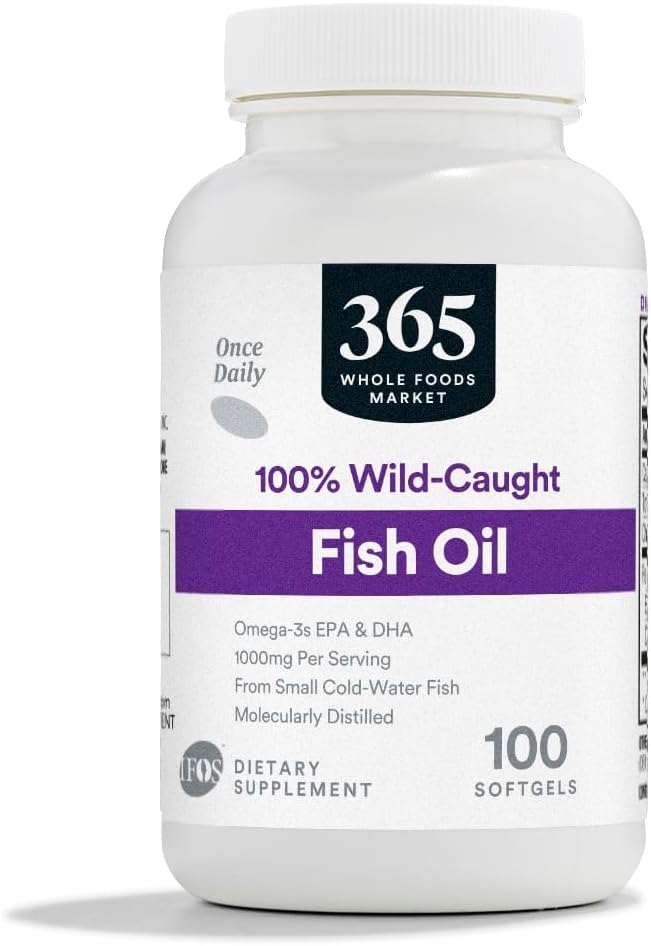 365 par Marché des aliments entiers, Poisson huileux 1000 Mg, 100 Softgels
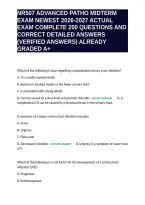 Nr507 Advanced Patho Midterm Exam Newest 2026-2027 Actual Exam Complete 200 Questions And Correct Detailed Answers &lpar;Verified Answers&rpar; Already Graded A&NewLine;&NewLine;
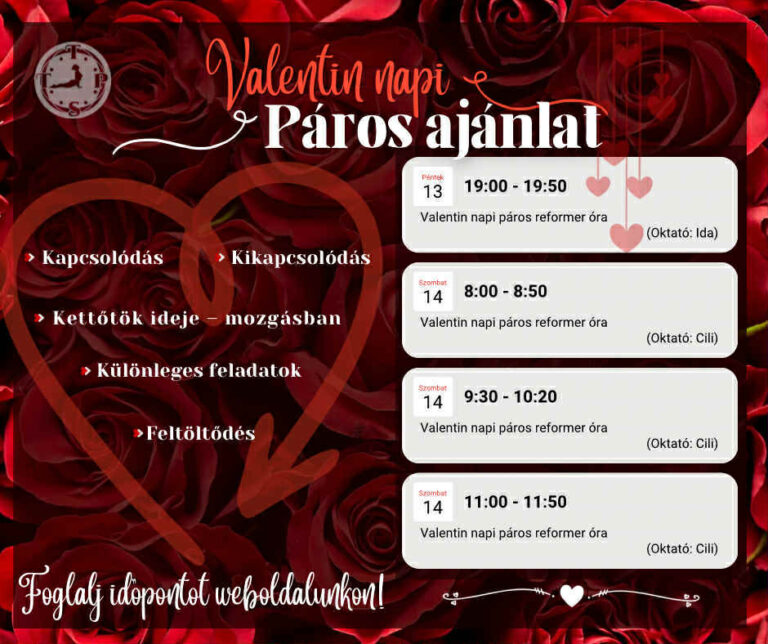 Valentin napi páros pilates órák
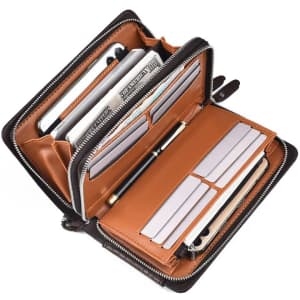 A large capacity wallet with a long double zipper, featuring a brown interior and various card slots and compartments.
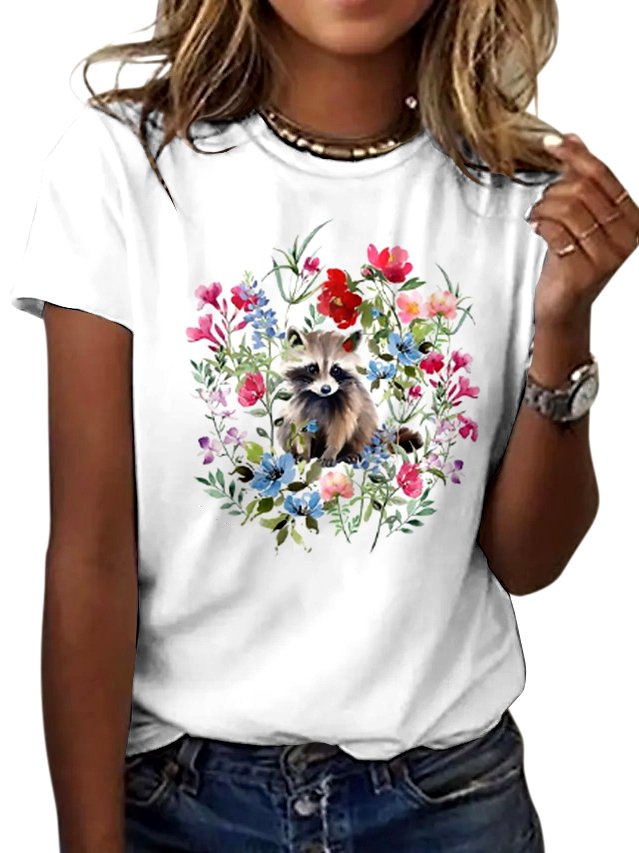 T-shirts Décontracté Floral Été Coton Coupe Régulière Col Rond Régulier Trapèze Régulier pour Femmes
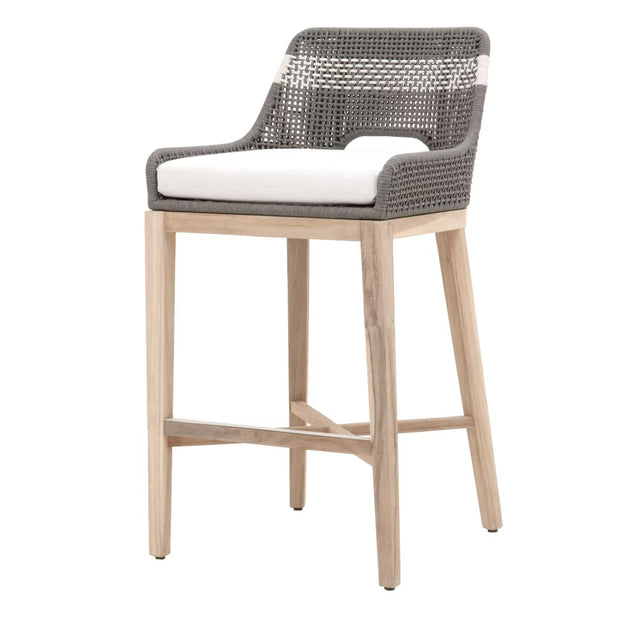 Essentials For Living Tapestry Outdoor Barstool ~ Dove Flat Rope, White Speckle Stripe, Performance White Speckle, Gray Teak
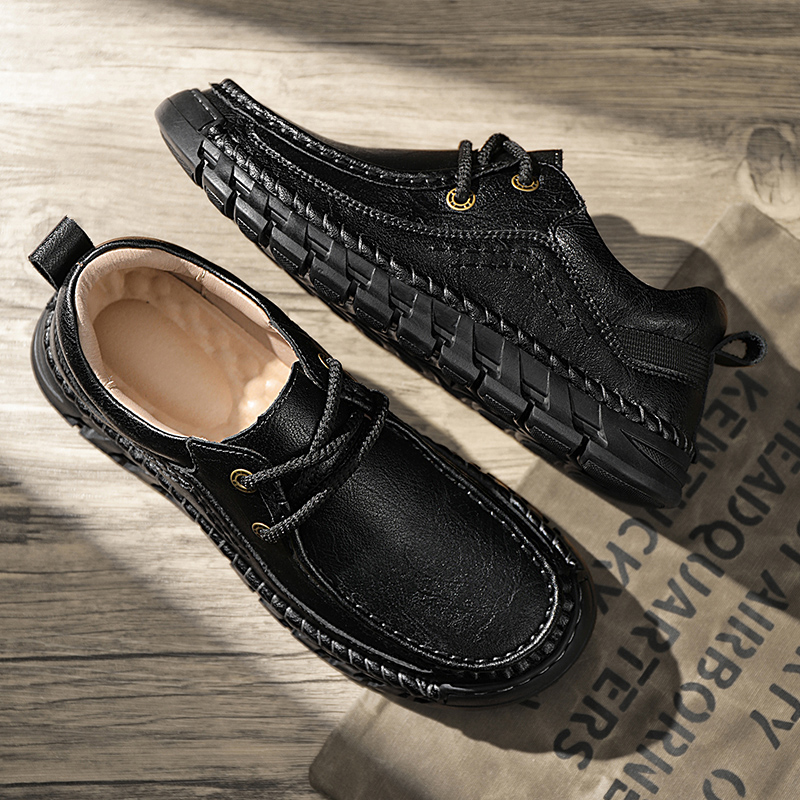 Lässige, bequeme, verschleißfeste, rutschfeste Herrenschuhe aus echtem Leder, handgenäht aus Futian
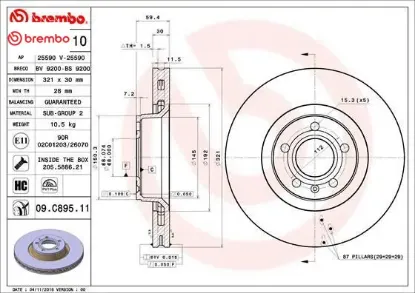 Fren diski ön audı a6-a8 2005-2011 brembo 4f0615301e resmi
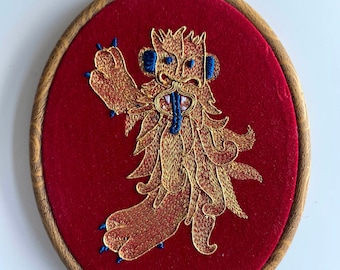 Heraldic Goldwork Medieval Lion Framed Embroidery On A Red Velvet Base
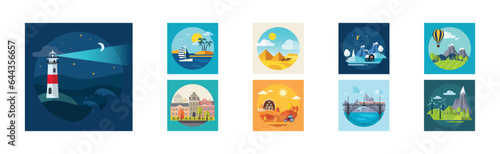 Different Landscape and Scene View Icon Vector Set
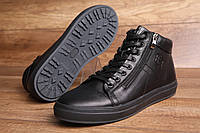 Мужские зимние ботинки Philipp Plein кожаные черные размер 41 (27,0 см)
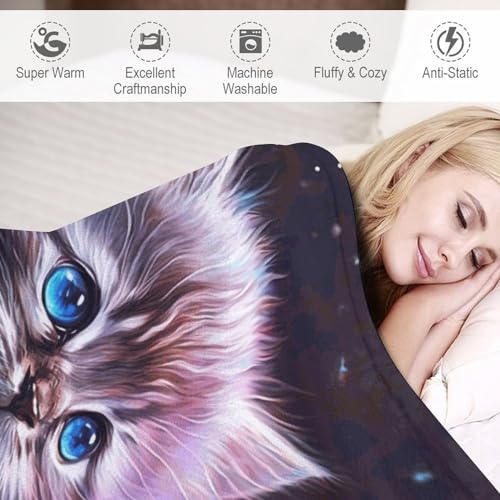 Couverture chat pour canapé plaid polaire cocooning 130x180cm - 4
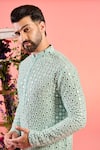 Buy_Kasbah_Blue Georgette Mirrors Ice Work Kurta _Online_at_Aza_Fashions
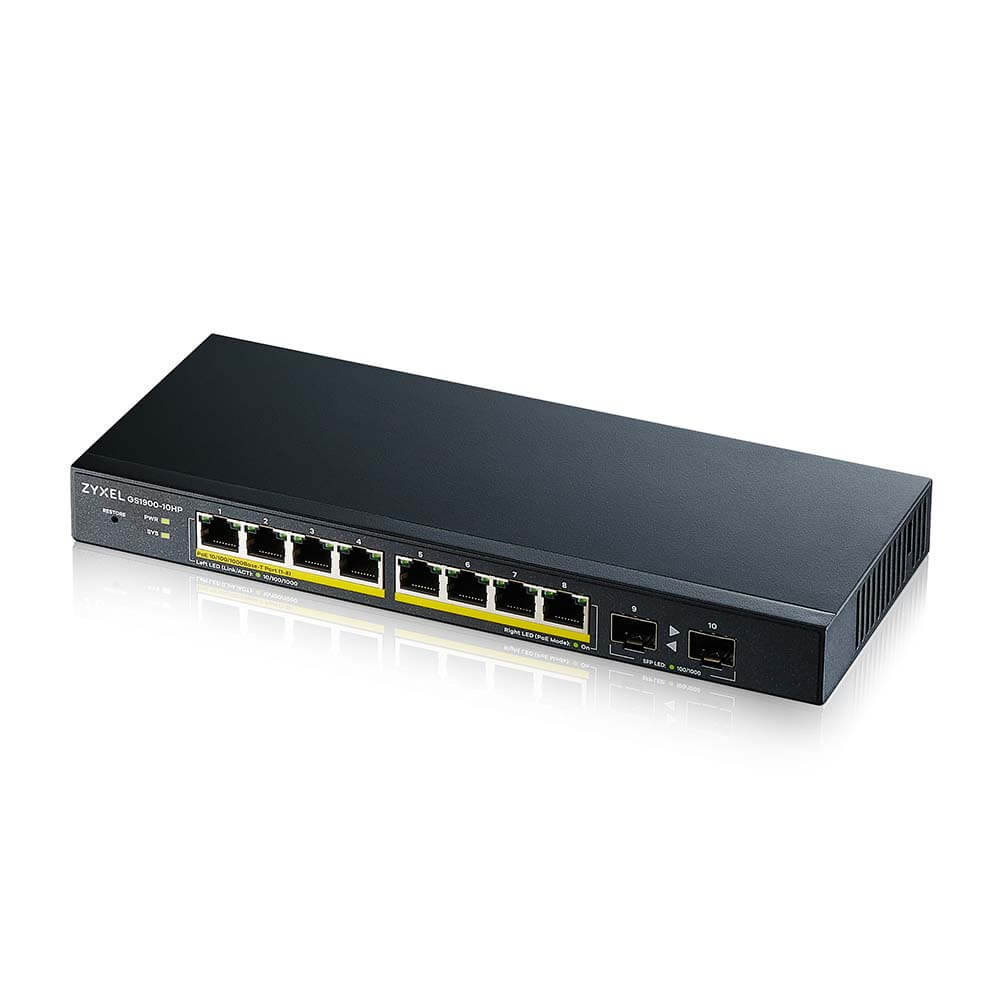 Bild von Zyxel GS1900-10HP V2 Smart Managed Switch 8x Gigabit Ethernet (8x PoE+ max. 77 Watt), 2x SFP, Layer 2, Desktop, Lüfterlos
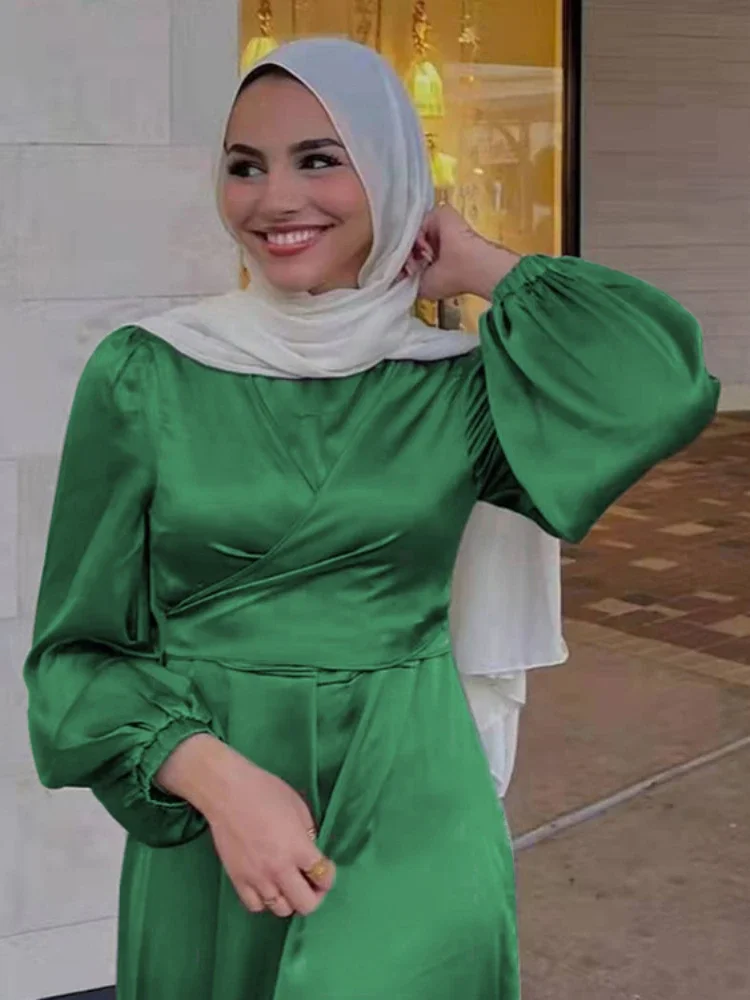 Satin Abaya Dress Ramadan EID Abayas for Women Dubai Party Muslim Dresses Turkey Islam Clothes Hijab Kaftan Robe Femme Musulmane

**PROBLEM STATEMENT:** Only the lines from the start of the records through the line containing "T-shirts Décontracté Floral" should be repeated, word for word, with the pictures left out.

**PROBLEM SOLUTION:**
 365 par Marché des aliments entiers, Poisson huileux 1000 Mg, 100 Softgels
 Nr507 Advanced Patho Midterm Exam Newest 2026-2027 Actual Exam Complete 200 Questions And Correct Detailed Answers &lpar;Verified Answers&rpar; Already Graded A&NewLine;&NewLine;
 Valentin napi páros pilates órák
 A large capacity wallet with a long double zipper, featuring a brown interior and various card slots and compartments.
 T-shirts Décontracté Floral Été Coton Coupe Régulière Col Rond Régulier Trapèze Régulier pour Femmes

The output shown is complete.